Most applications populate the clipboard with multiple formats.
Visual Studio Code creates:
- a
public.html
NSPasteBoardItem (preserving the foreground and background colour, particular fonts, etc) - a
public.utf8-plain-text
NSPasteBoardItem - a
org.chromium.web-custom-data
NSPasteBoardItem (which Keyboard Maestro has no use for, and ignores)
BBEdit's clipboard is unusually bare, it just creates:
- a
public.utf8-plain-text
NSPasteBoardItem (so no rich text access to colours etc)
In Keyboard Maestro, you are seeing a rich text clipboard and a plain text clipboard.
Many applications populate the clipboard with more than 3 different NSPasteBoardItems.

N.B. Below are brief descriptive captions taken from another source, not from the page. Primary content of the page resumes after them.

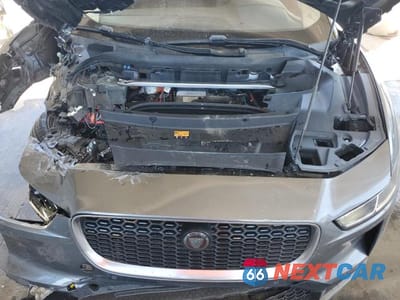 Zdjęcie 11 z 12 samochodu: 2020 JAGUAR I-PACE S VIN:SADHB2S18L1F85320 - miniatura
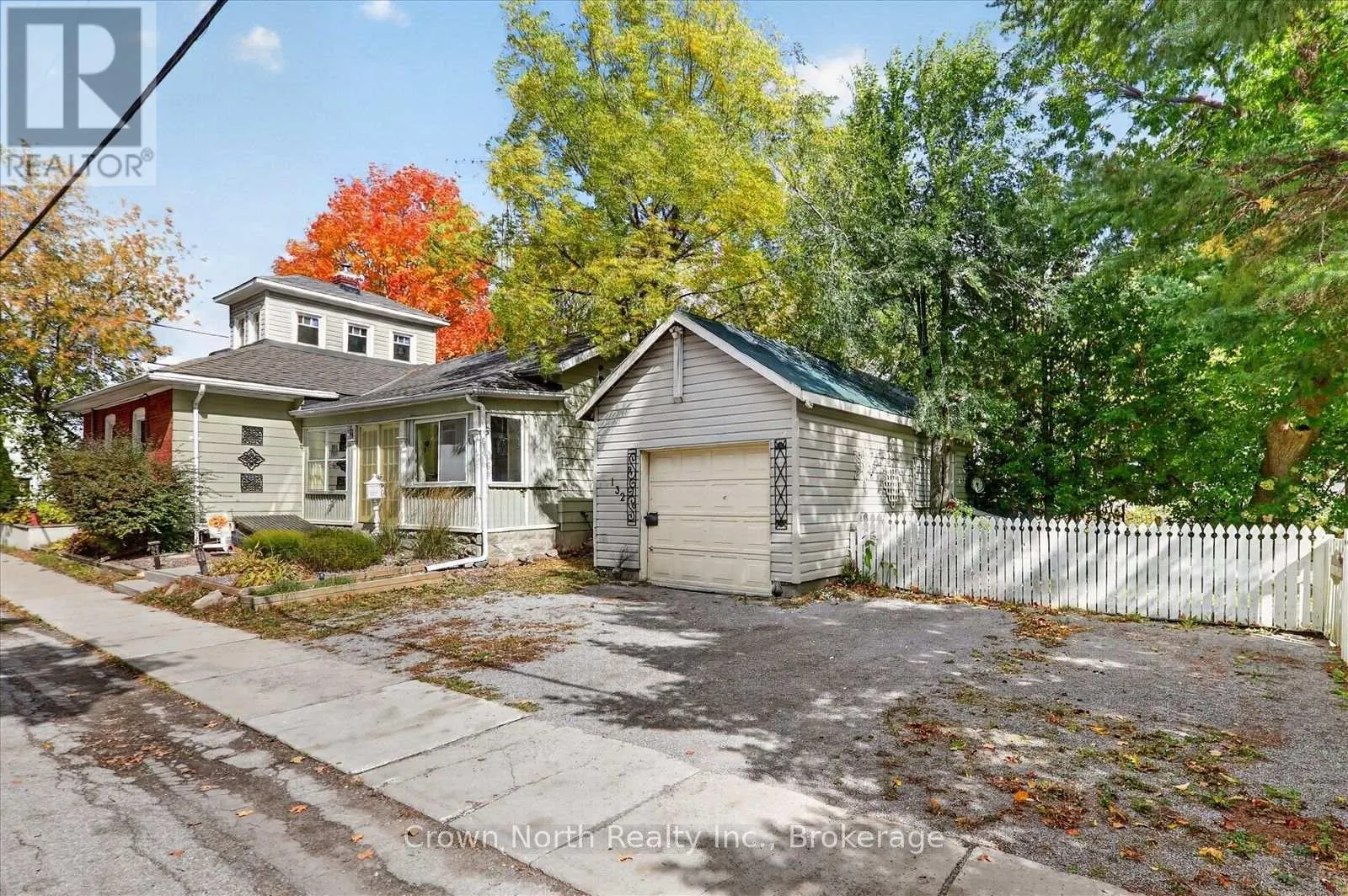132 GLENGARRY ROAD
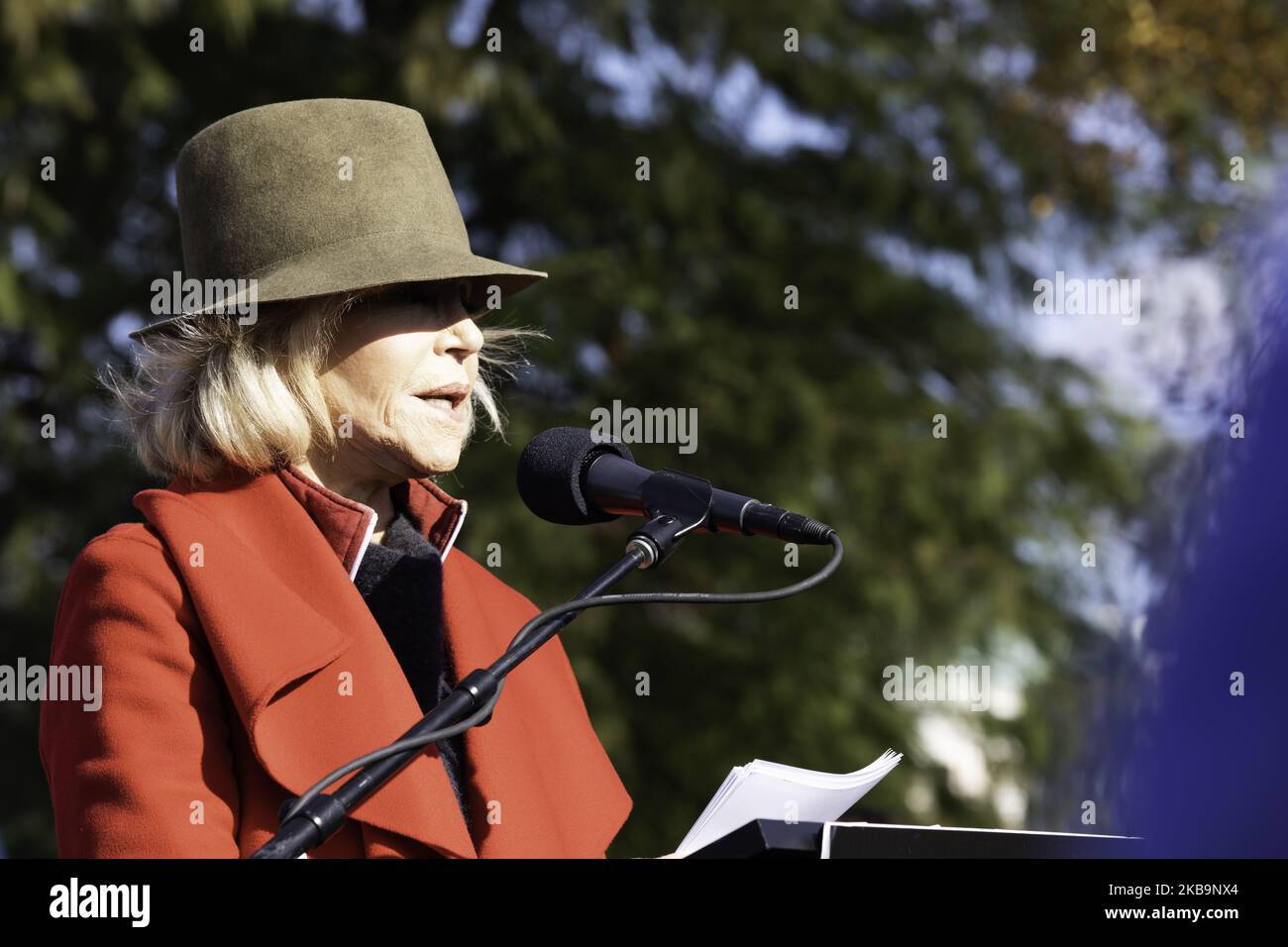 Actress Jane Fonda participates in a ''Fire Drill Fridays'' climate change protest on Capitol Hill in Washington, D.C., November 1, 2019. (Photo by Aurora Samperio/NurPhoto) Stock Photo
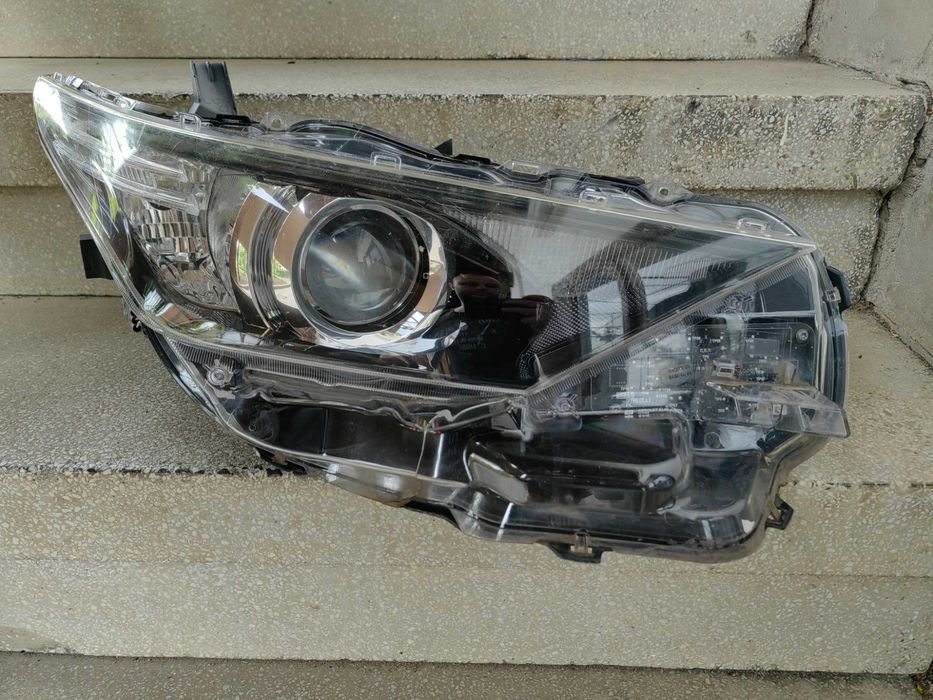 Фар Toyota Auris LED десен / Фар Тойота Аурис / Фар Auris Оригинален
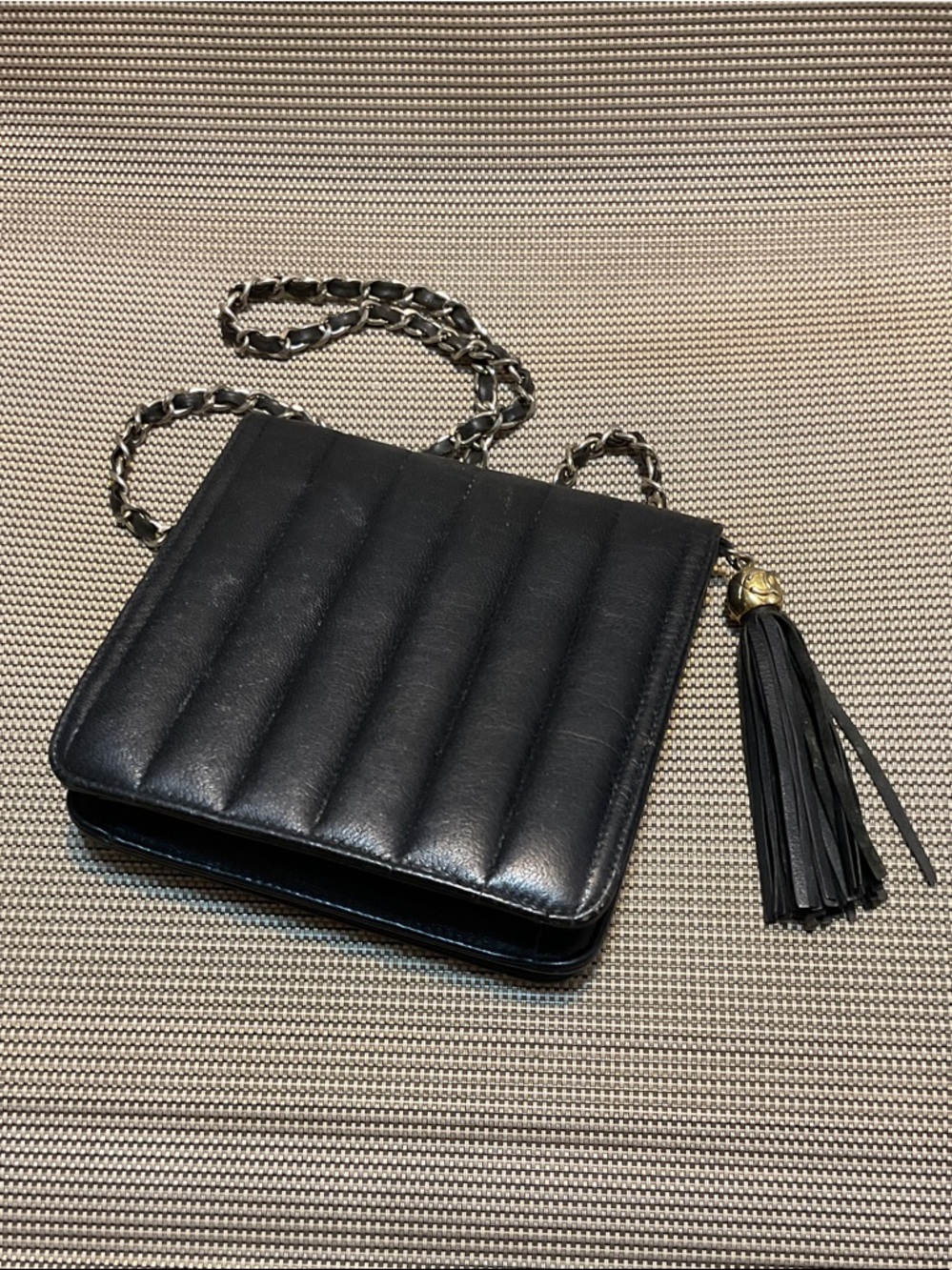 Vintage Chanel Black Quilted Chain Crossbody Bag with Tassel - Picture 4 of 9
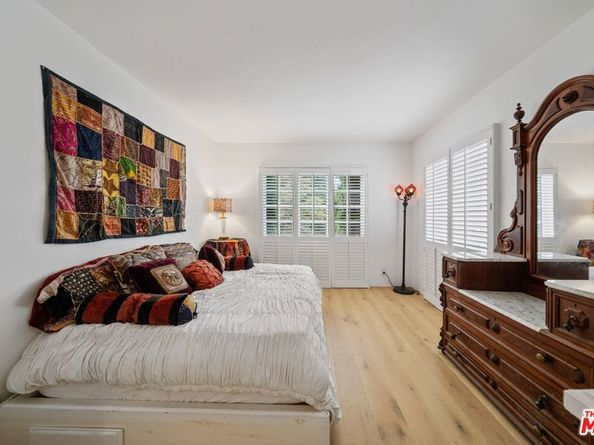 2116 3rd Street, Santa Monica CA 90405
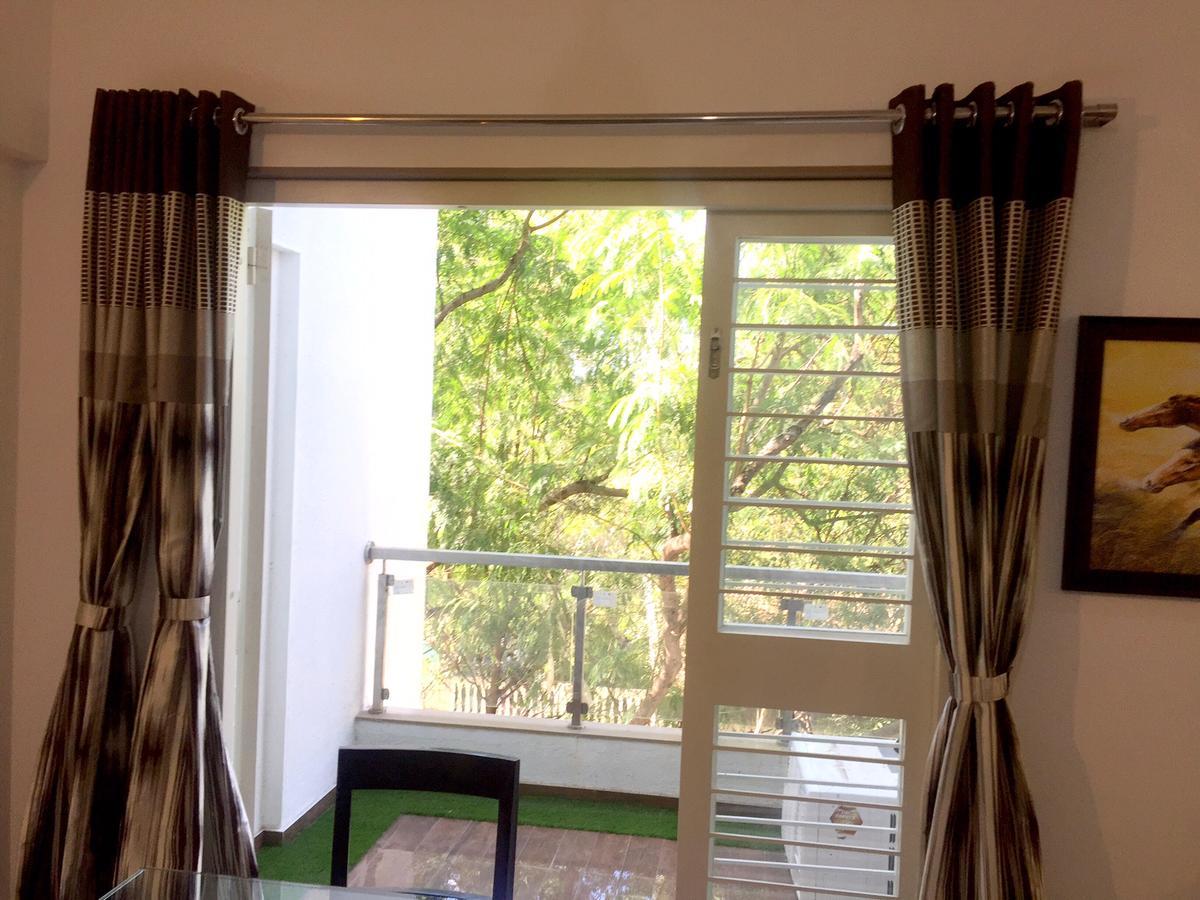 Veridical Hospitality, Baner - Pune Bed & Breakfast Bagian luar foto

In the case of text copied from Bike, for example, the pasting application can choose between:
com.hogbaysoftware.bike.xml
org.opml.opml
public.rtf
public.utf16-external-plain-text
public.utf8-plain-text
public.html
public.data
com.hogbaysoftware.bike.references
Keyboard Maestro offers:
- rich text clipboards (typically drawn from any
public.html
orpublic.rtf
NSPasteBoardItems that it finds in the clipboard), and - plain text clipboards (typically drawn from any available
public.utf8-plain-text
pasteboard item)
In the Clipboard History, you will generally be able to distinguish them by their icons.